### The task
Only one stretch of the data below is needed. Output the lines from the one with "Miami Heat forward" up to and including the one with "Group of hands", exactly as they stand.

### Provided records
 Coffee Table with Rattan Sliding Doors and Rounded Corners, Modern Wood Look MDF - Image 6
* * *
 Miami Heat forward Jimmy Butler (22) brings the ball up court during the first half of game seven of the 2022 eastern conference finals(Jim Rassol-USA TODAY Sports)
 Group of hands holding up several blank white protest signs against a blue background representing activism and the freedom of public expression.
---
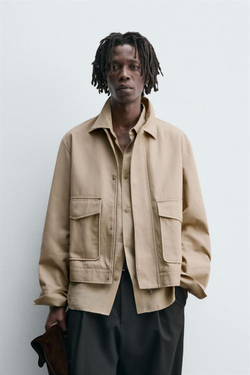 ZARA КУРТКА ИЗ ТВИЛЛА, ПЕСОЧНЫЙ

### Your solution
 Miami Heat forward Jimmy Butler (22) brings the ball up court during the first half of game seven of the 2022 eastern conference finals(Jim Rassol-USA TODAY Sports)
 Group of hands holding up several blank white protest signs against a blue background representing activism and the freedom of public expression.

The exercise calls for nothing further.